I have been a teacher at the high-school level for many years, and also a lecturer in teacher education at the tertiary level. I have had the opportunity to visit several high schools and, based on observation of actual classroom scenarios, it is my conclusion that schools are very much understaffed and would need at least twice the number of classrooms and teachers in order to meet these ratios in practice.
Many high schools have class sizes of about 40 students. Take a walk through any of these schools during class time and what would you see? Even if the school conformed to the ratio, you would see one teacher teaching a class of 40 students. The exception would be in what is called split or shared classes, where students have options among certain subjects such as woodwork (woods) and metalwork (metals), and the class is split in two. but this is not the norm for the majority of subjects such as mathematics or English.
This discrepancy arises because of the number of teachers required to teach the subjects timetabled for the class. For example, a class of 40 students taking eight subjects would require eight teachers at the high- school level. That would be a wonderful pupil-teacher ratio of 5:1, but each teacher would still be teaching 40 students. The pupil-teacher ratio for a school is arrived at by a similar process but compares the total number of students in the school with the total number of teachers.
The pupil-teacher ratio also does not necessarily accommodate the staffing requirements of specific institutions, and could in fact undermine the development of the curriculum and the addition of needed subject areas.
For example, back in the early 1990s, the Ministry of Education was exhorting schools to introduce information technology (IT) to their curriculum but did not make any adjustments to the pupil-teacher ratio to accommodate this.
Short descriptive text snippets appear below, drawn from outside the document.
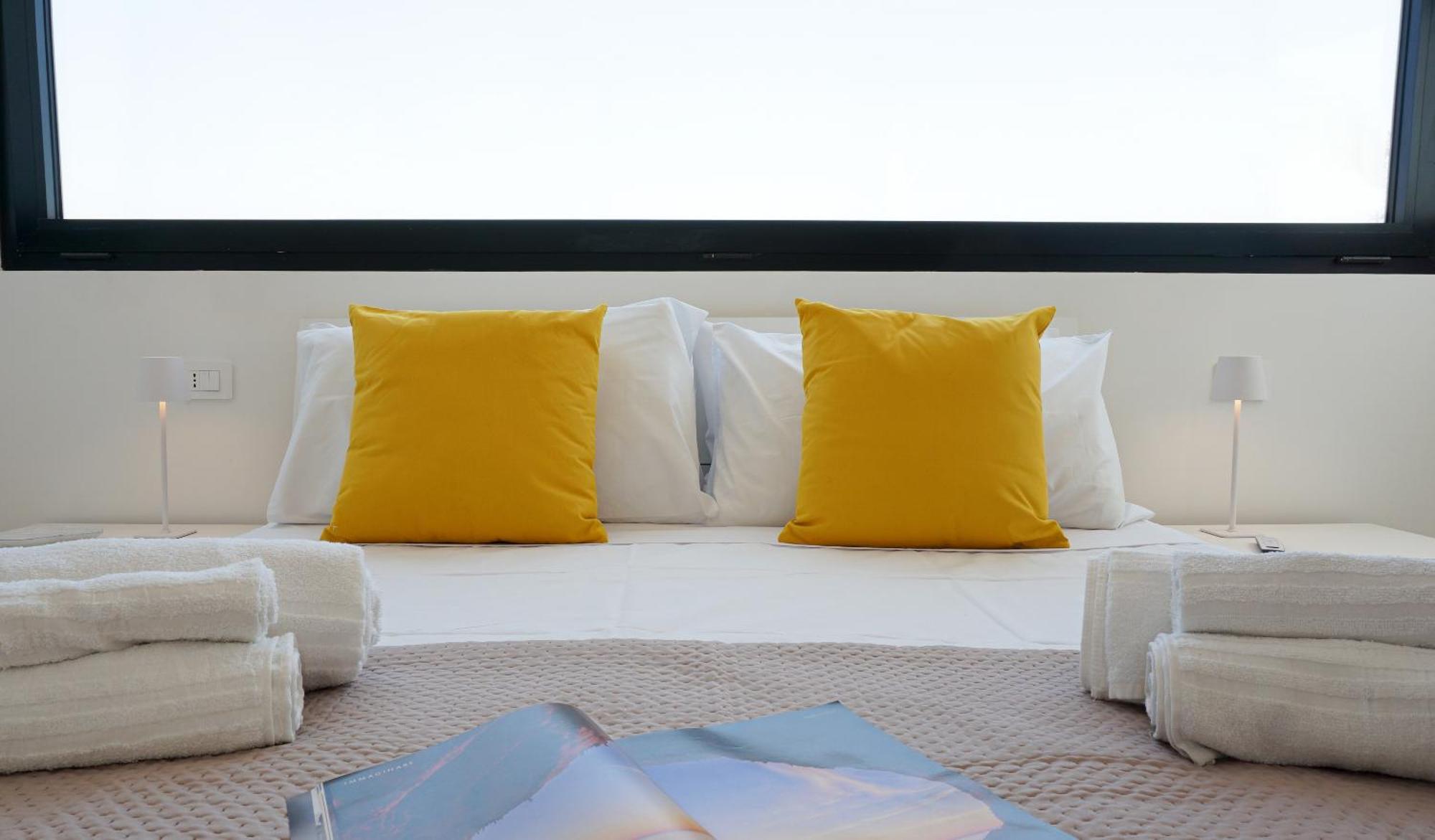 Postcard Apartment Alghero Ngoại thất bức ảnh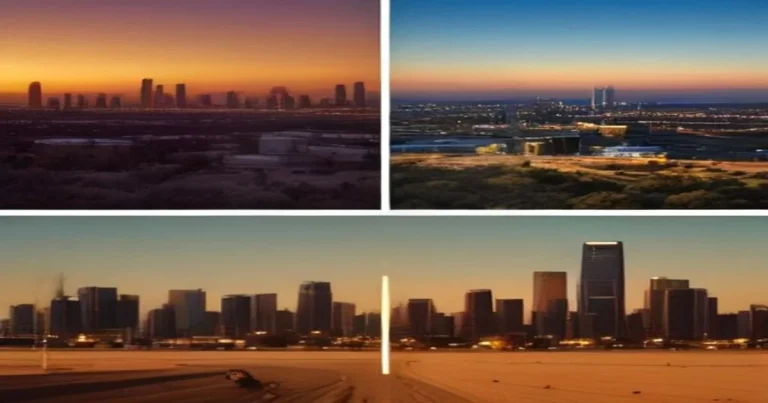 Is Perth a Good City for Regional Study and Long Term Plans? Overview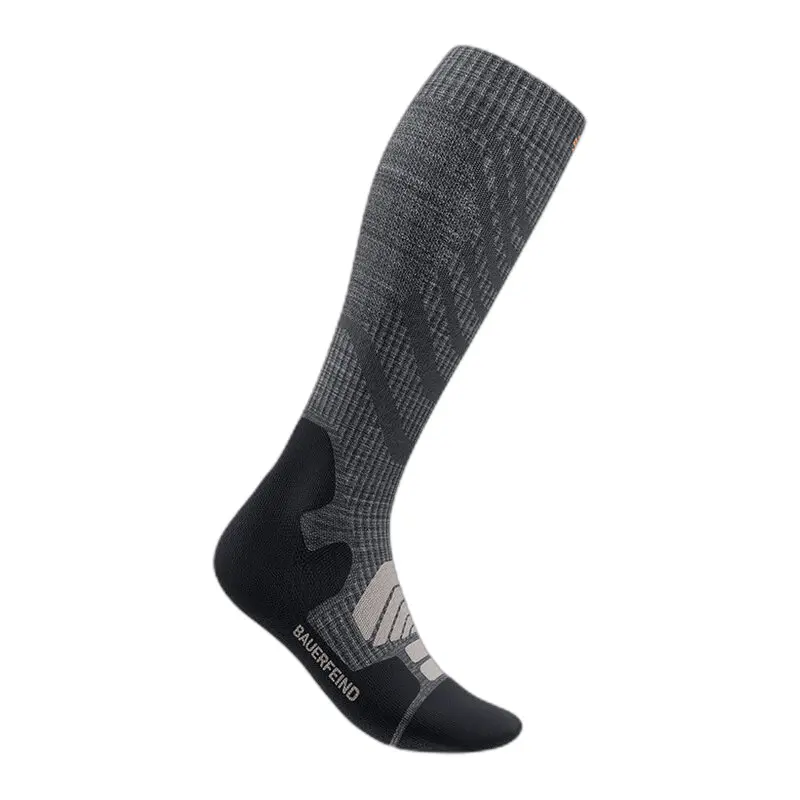 Merino compressiesokken Bauerfeind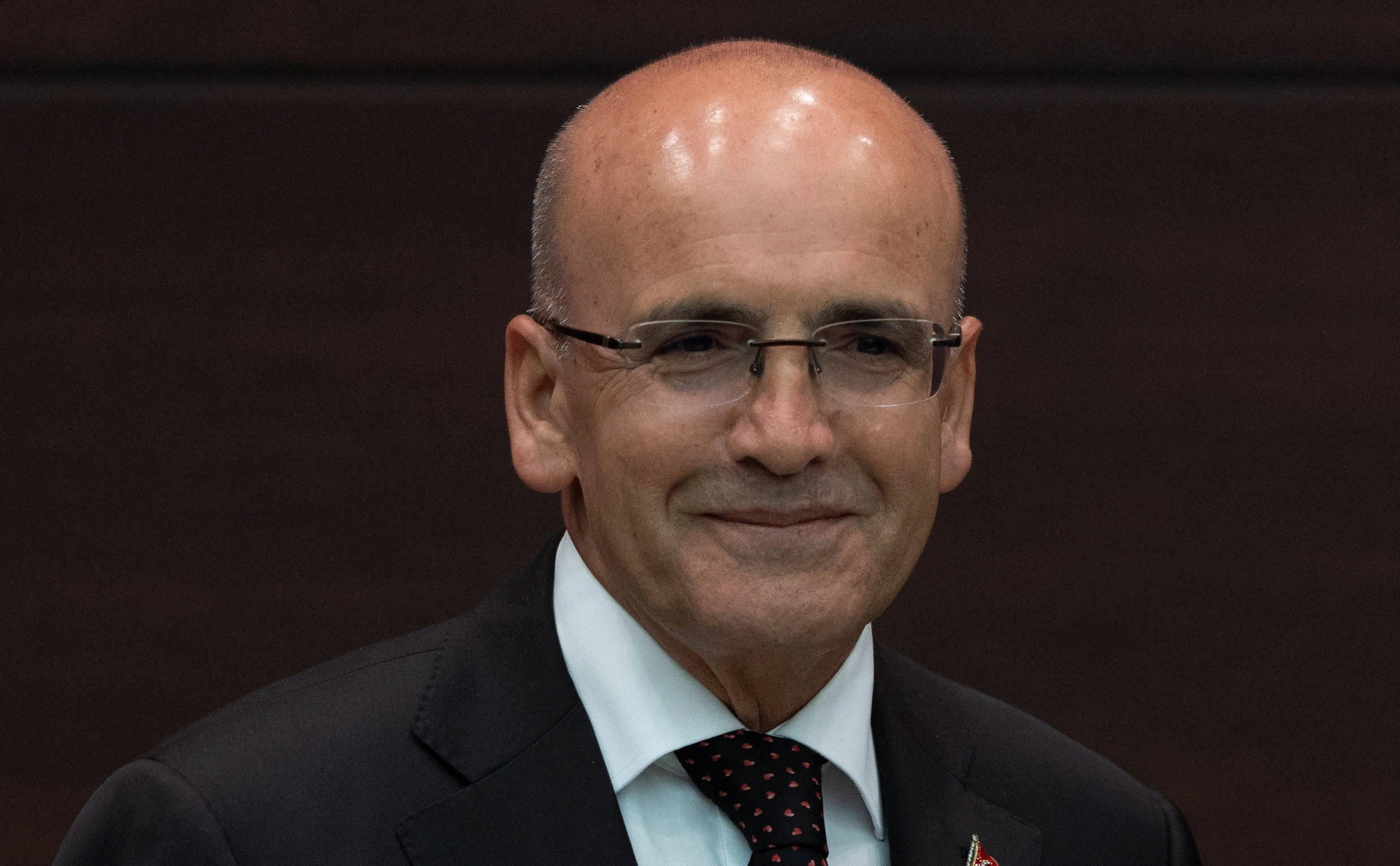 Umit Bektas / Reuters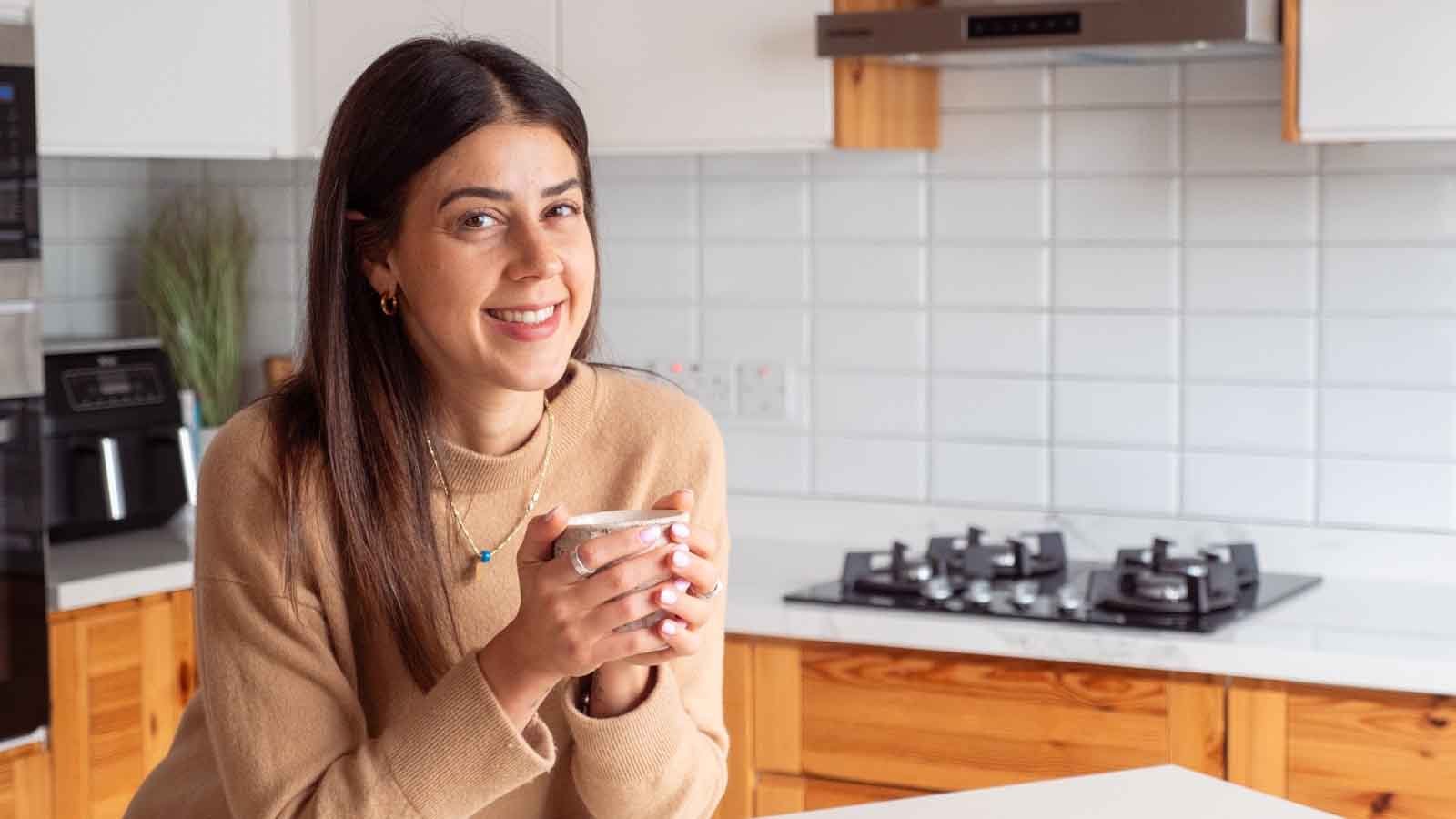 Diyetisyen Emine Uluçay Aşure, Doğru Malzemelerle Sağlığa Faydalı (2)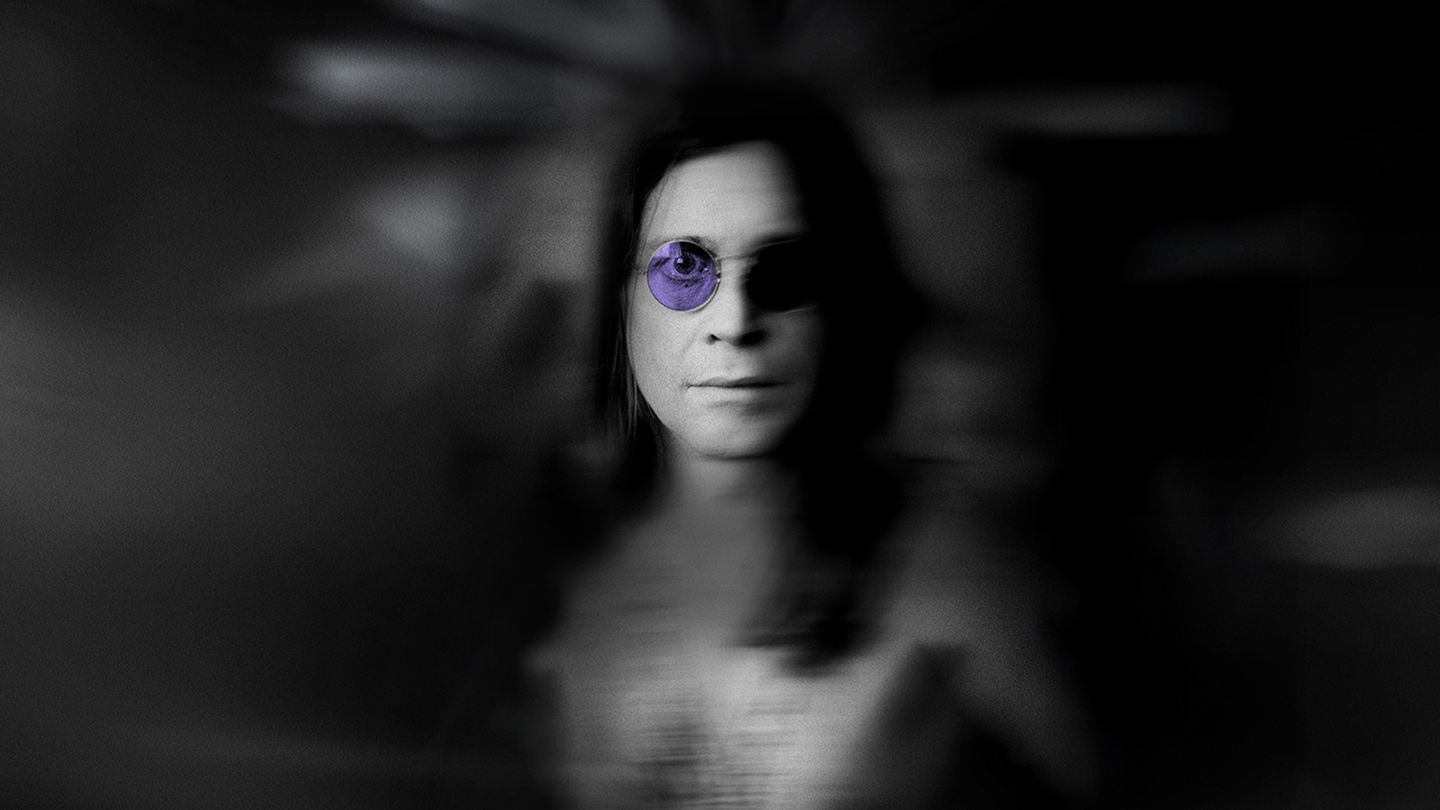 Ozzy: No Escape From Now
This created a dilemma for a number of schools which fell just within the ratio. If they did what the Ministry of Education wanted and hired a computer teacher, the same ministry would tell them they were overstaffed.
Some schools were able to get around this temporarily by using or hiring a teacher who could teach both IT and another subject.
As the programme expanded throughout the school, however, it became more difficult to do this, and specialist IT teachers would have had to be hired, and voilà, the school would be overstaffed by four or five teachers. Well, according to the ratio, the school would be overstaffed, but by the academic needs of the institution, the school would be adequately staffed.
You can see from this example that schools have to be very careful about adding new subject areas, no matter how important they think they are, for fear of going over the pupil-teacher ratio.
If the Ministry of Education is really serious about education, it should actualise the pupil-teacher ratio by restricting the maximum number of students in high-school classes to 17. A similar exercise should be done at the primary level, but certainly not using 35 as the guideline, but a number closer to 17.
The Ministry of Education should provide the necessary teachers and infrastructure so that a teacher would really be teaching 17 students at a time and not just have the pupil-teacher ratio as a mathematical construct on someone's desk.